_Work to be completed_. Repeat the lines from the line with "-一叶一世界·素食餐厅(锦华万达店)" to the line with "1311 N VAN BUREN Street, Marion, IL 62959" in the listing below, keeping both end lines and adding nothing.

══ Given data ══

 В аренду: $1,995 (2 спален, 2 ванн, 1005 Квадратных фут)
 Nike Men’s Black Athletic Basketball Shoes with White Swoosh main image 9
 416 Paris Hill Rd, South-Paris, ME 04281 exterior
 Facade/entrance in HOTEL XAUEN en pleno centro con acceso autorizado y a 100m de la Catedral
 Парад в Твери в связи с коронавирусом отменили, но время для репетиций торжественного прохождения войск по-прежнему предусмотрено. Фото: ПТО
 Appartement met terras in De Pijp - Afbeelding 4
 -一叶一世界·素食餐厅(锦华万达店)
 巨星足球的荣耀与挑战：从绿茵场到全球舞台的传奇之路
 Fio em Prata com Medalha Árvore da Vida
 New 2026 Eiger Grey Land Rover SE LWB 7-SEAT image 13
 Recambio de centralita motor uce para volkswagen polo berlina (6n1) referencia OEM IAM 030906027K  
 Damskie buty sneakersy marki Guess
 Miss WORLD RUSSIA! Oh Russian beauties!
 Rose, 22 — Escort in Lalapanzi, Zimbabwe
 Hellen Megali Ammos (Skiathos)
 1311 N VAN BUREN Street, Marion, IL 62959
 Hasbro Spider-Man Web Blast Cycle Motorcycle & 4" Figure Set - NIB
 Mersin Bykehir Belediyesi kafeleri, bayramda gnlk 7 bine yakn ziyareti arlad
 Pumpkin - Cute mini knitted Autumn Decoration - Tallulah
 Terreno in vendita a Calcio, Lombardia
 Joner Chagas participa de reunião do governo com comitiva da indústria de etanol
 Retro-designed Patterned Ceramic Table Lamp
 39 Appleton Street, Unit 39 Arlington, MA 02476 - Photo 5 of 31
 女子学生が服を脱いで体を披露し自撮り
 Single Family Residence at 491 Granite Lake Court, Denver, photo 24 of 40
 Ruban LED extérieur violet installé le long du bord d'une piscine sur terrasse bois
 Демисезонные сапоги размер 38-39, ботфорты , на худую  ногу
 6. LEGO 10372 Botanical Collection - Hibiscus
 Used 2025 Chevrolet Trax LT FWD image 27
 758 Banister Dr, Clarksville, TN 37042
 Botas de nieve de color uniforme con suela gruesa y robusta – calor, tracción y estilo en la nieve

═══

_Your solution_.
 -一叶一世界·素食餐厅(锦华万达店)
 巨星足球的荣耀与挑战：从绿茵场到全球舞台的传奇之路
 Fio em Prata com Medalha Árvore da Vida
 New 2026 Eiger Grey Land Rover SE LWB 7-SEAT image 13
 Recambio de centralita motor uce para volkswagen polo berlina (6n1) referencia OEM IAM 030906027K  
 Damskie buty sneakersy marki Guess
 Miss WORLD RUSSIA! Oh Russian beauties!
 Rose, 22 — Escort in Lalapanzi, Zimbabwe
 Hellen Megali Ammos (Skiathos)
 1311 N VAN BUREN Street, Marion, IL 62959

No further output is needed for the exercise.